Amanda Hazlett says she was told about the bankruptcy when she renewed her membership in May, but was assured when she signed the contract that it was simply a "reorganization" and that while the club could be sold, it would not affect her membership.
Nonetheless, Hazlett says the financial difficulties became obvious as bathrooms went unstocked and broken toilets were not fixed.
"Things in the gym weren't going great," says member Sarah Kirchner. "You could tell the business wasn't doing well."
Both Hazlett, 28, and Kirchner, 27, say they were willing to overlook a few inconveniences for the unique exercise environment the club offered– and the affordable rates.
"It filled a specific niche in the community," Kirchner says, citing a "really neat class for women who were retirement age."
The price also set it apart. Hazlett and Kirchner say they paid approximately $20 per month– about one fourth the cost of an ACAC individual membership, and only half the cost at Gold's Gym.
New Fitness is not the first all-women's workout facility to go belly up in the last year or so. Ladies Workout Express opened on Pantops in 2003, promising that women could burn up to 900 calories in a 30-minute workout in the club's bright pink and purple room. UVA fitness expert Glenn Gaesser suggested the claim might have been exaggerated.
In 30 minutes, Gaesser said, "Lance Armstrong cannot burn 900 calories." The club went out of business in 2004.
New Fitness made no such claims, but it did offer an all-female atmosphere. "The sole purpose in going is to work out; you're not worried about impressing abybody else," explains Hazlett.
While Kirchner had been preparing to renew her New Fitness membership, she says she's now relieved she didn't.
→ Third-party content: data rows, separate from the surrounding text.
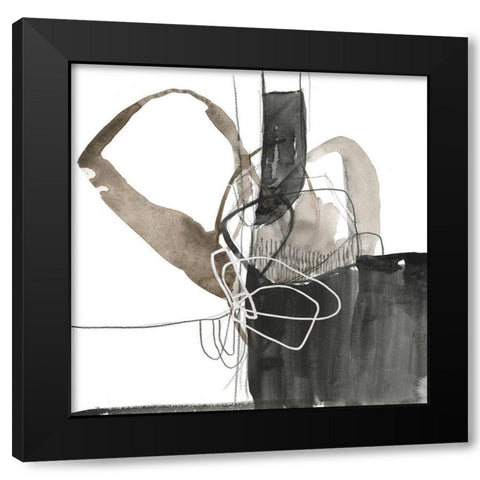 Interlocked III Black Modern Wood Framed Art Print with Double Matting by Goldberger, Jennifer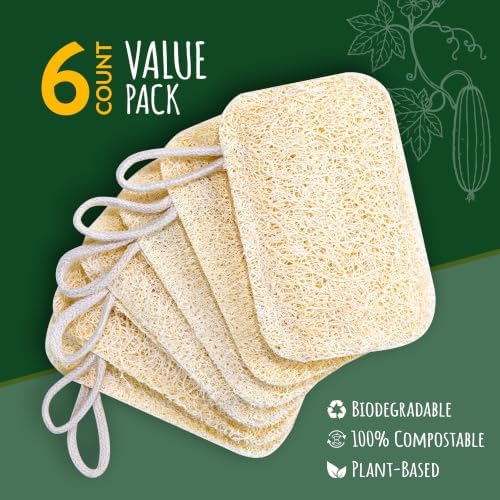 Natural Loofah Dish Sponge 6-Pack Biodegradable Sponges for Kitchen - Image 3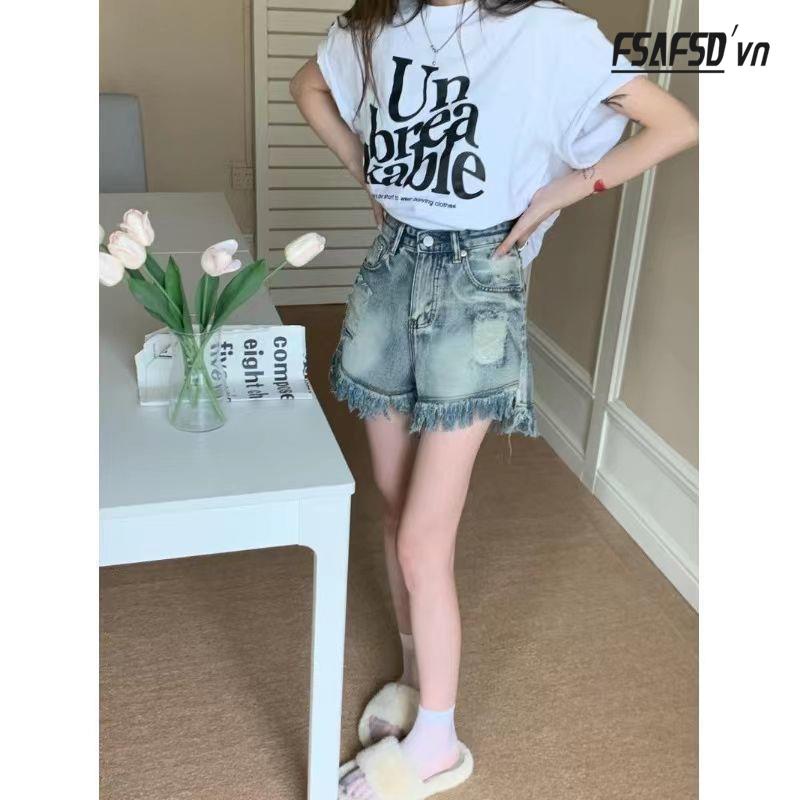 Quần Short Jean Lưng Cao Ống Rộng Cá Tính Dành Cho Nữ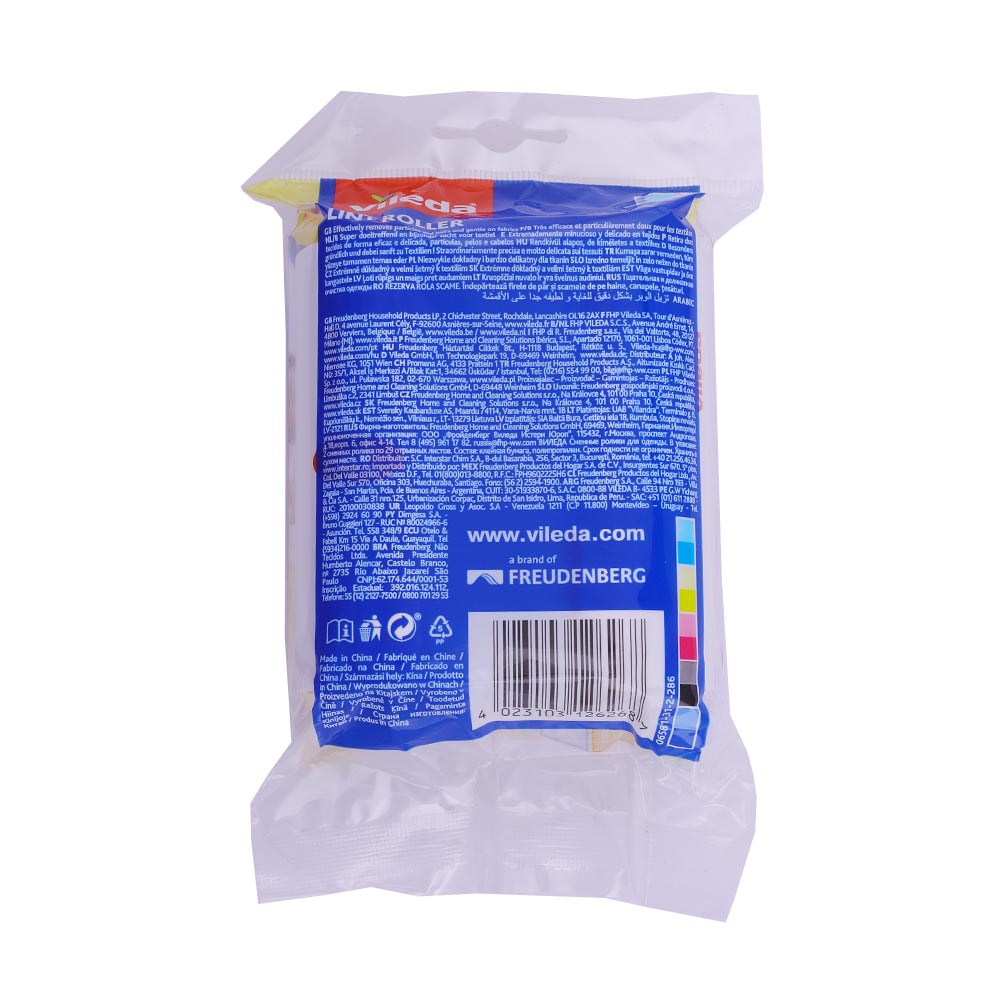 Vileda Lint Roller Refill 2x29 Sheets back image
Hazlett, however, wasn't so lucky. Taking advantage of a special deal in May, she paid approximately $300 for a 15-month membership. While members who paid monthly are now free from their financial obligation, members like Hazlett are uncertain about reimbursement.
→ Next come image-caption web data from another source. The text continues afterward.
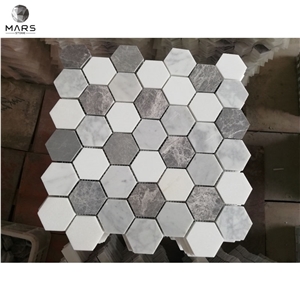 Black And White Hexagon Shape Natural Stone Mosaic Tiles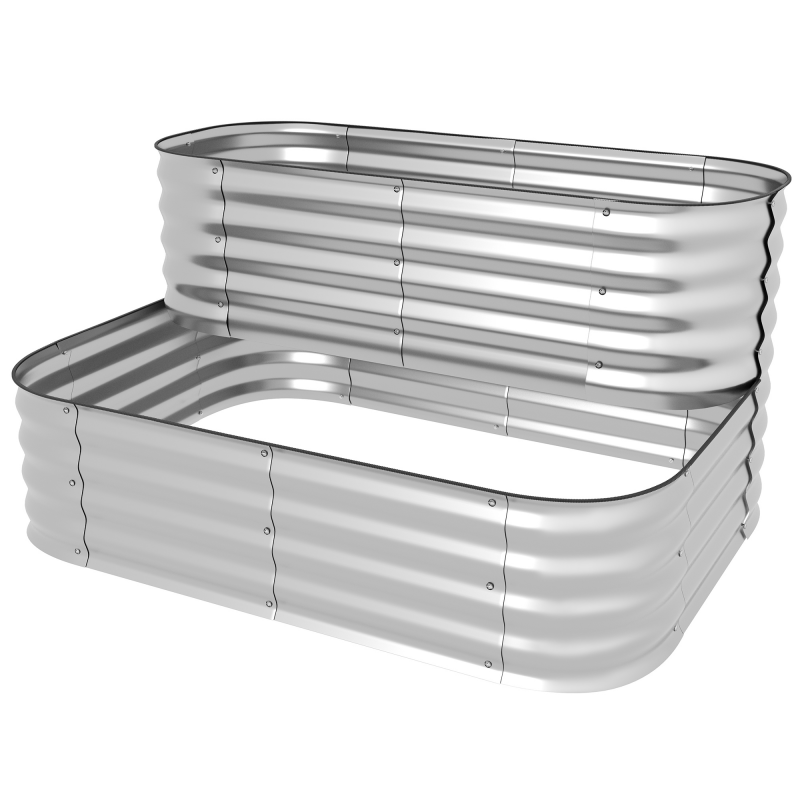Outsunny Blumenregal Pflanzenregal Garten Balkon 118x45x30cm aus Metall in Silber, robust & stilvoll für Ihre Pflanzen Aosom.de – Bild 1 von 2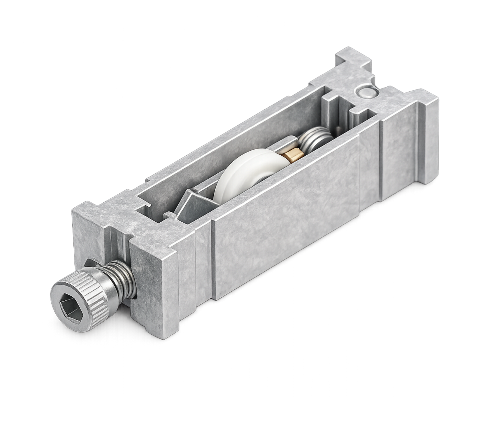 Chariot réglable simple galet polyamide R3 Ø 18 mm  - Dim.: 2,22 l x 2,11 h cm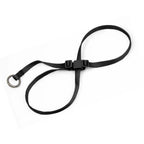 Black cat harness featuring an open ring structure on white background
Carpenter's New Fitness website, newfit.net, directs members like Hazlett who might deserve a refund to contact the Department of Consumer Affairs.
Neither Carpenter nor her Roanoke-based attorney, A. Carter Magee Jr., returned the Hook's calls by press time, but local attorney Doug Little says there may be good news for members like Hazlett. A 1984 law, the Virginia Health Spa Act, requires that Virginia health clubs post a bond with the state to cover member refunds in the event a club folds.
And according to Michael Wright at the Office of Consumer Affairs, New Fitness does have a $30,000 bond on file for its Charlottesville club.
Wright says members can download a claim form from the website, vdacs.virginia.gov, or call 800-552-9963.
But while news of the bond may soften the financial blow for members, it doesn't lessen Hazlett's disappointment at losing her club.
"There was one instructor in particular who was really motivating," she recalls, "and it made it fun to go and work out, even on days when I didn't want to be there. There's really no other place like it."
New Fitness for Ladies member Heather Roach arrived at the club on Monday only to learn it had closed.